A man’s shirt can play a supporting role by enhancing his blazer or it can stand alone and be the centerpiece of his outfit.
Here are some tips to keep in mind when you are buying your next shirt:
A well fitted shirt should first and foremost be comfortable. This can be different for every man as larger men are usually complimented by a looser fit. While smaller and thinner men are complimented by a slimmer cut.
Most men wear shirts that do not fit them properly. The problem is that ready-made clothes are made to fit many people. As a result, nobody gets a perfect fit.
But that doesn’t mean you can go out to every store and not be able to buy a perfect shirt. It just means you will have to visit a tailor if you want the optimum fit of your shirt.
Cotton – being the best choice for centuries, a finely woven cotton fabric gives the best feeling a man can have from a garment worn close to the body. Excellent heat and moisture conduction, great durability, very pleasant smoothness and the ability to take a good shape when ironed, makes the cotton fabric for a shirt the number one choice.
Man-Made Fibers – being often wrinkled and stain resistant, this type of fabric plays a major role in menswear. Even though they do not have the same desirable properties as cotton, man-made fibers are still a good choice, especially since they come at lower prices than the cotton made shirts. It is advisable though, not to buy shirts that have more than 50% man-made fiber.

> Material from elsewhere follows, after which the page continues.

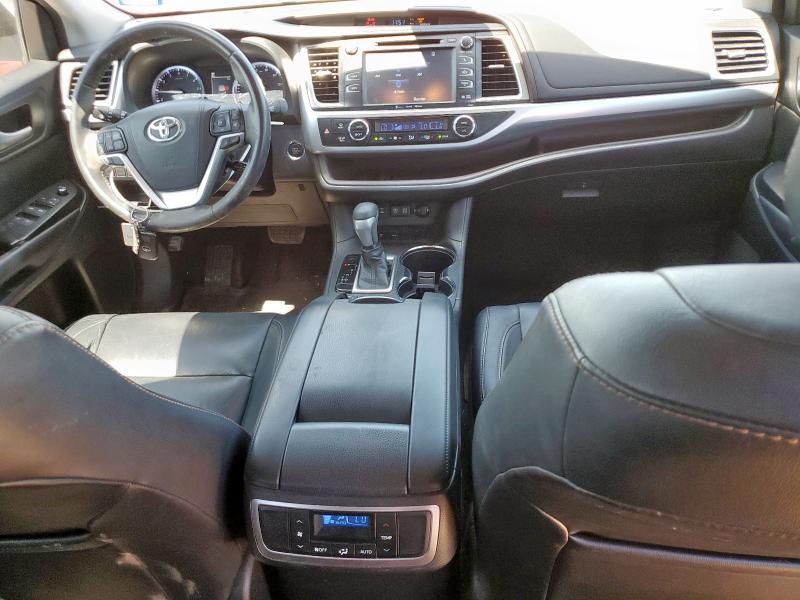 5TDKZRFH4JS540983 - 2018 TOYOTA HIGHLANDER SE Biały zdjęcie 8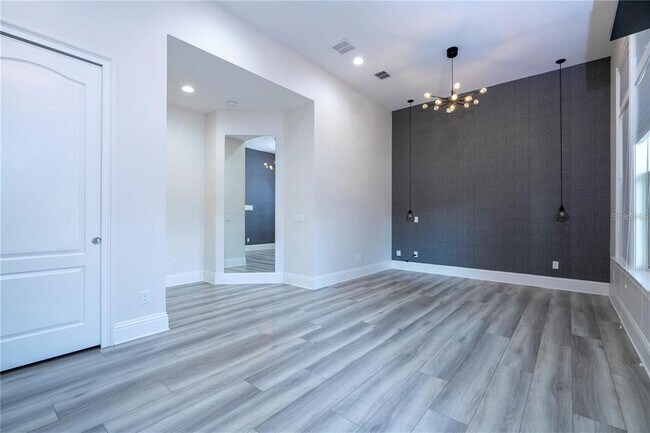 Building Photo - 13370 Alderley Dr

Silk – luxury fabric, is easily recognizable because of its soft and light cloth. Since it is low in durability, as well as shiny and flashy, it is not recommended to buy silk shirts. Unless a wedding is in place or you have an unlimited budget, due to its high maintenance cost.
When building an interchangeable wardrobe with shirts there are a couple essential pieces that can be very versatile to almost any outfit:
White – the most common color for a shirt. At least one is a must have as a white shirt goes with every possible combination you can think of, from the most casual setting to the most formal ones.
Blue – there are certain shades of blue that you have to keep in mind. A solid sky blue shirt is best for business or office outfits or generally a day time shirt. A navy shirt can go with any setting, day time or night-time. You should avoid light blue shirts, unless it is a strictly office or day time outfit. The light blue shirt is hardly recognizable at night.
Grey – being a neutral color it can go with almost every combination. Day time, night-time, office or casual outing, a grey shirt is highly flexible.
While the first three are most essential pieces for an interchangeable wardrobe, other colors such as pink, black or red might come in handy in certain situations.
Solid – the simplest and the most versatile pattern. Must have style of pattern for a wardrobe as it can be worn anytime and for every occasion.
Stripe – this pattern looks the best when combined with a suit. You can pull of wearing it in a casual setting as well, but the best place you can wear a striped shirt is at the office.
Gingham – a very different approach than the solid and striped ones, a gingham shirt is best used when combined with casual clothes for casual events.
Having at least one of each three pattern types will make for a very versatile wardrobe.
The purpose of the collar is to properly balance and frame a man’s face. It is the most visible part of a shirt when wearing a blazer and plays a very large role in determining the formality and use of the shirt.
There are two types of collars that should be considered for a shirt: pointed collars ( being the most common ) and spread collars. When choosing the type of collar keep in mind how firm the collar is. You want the collar to keep its shape even without a tie, so the firmer it is the better.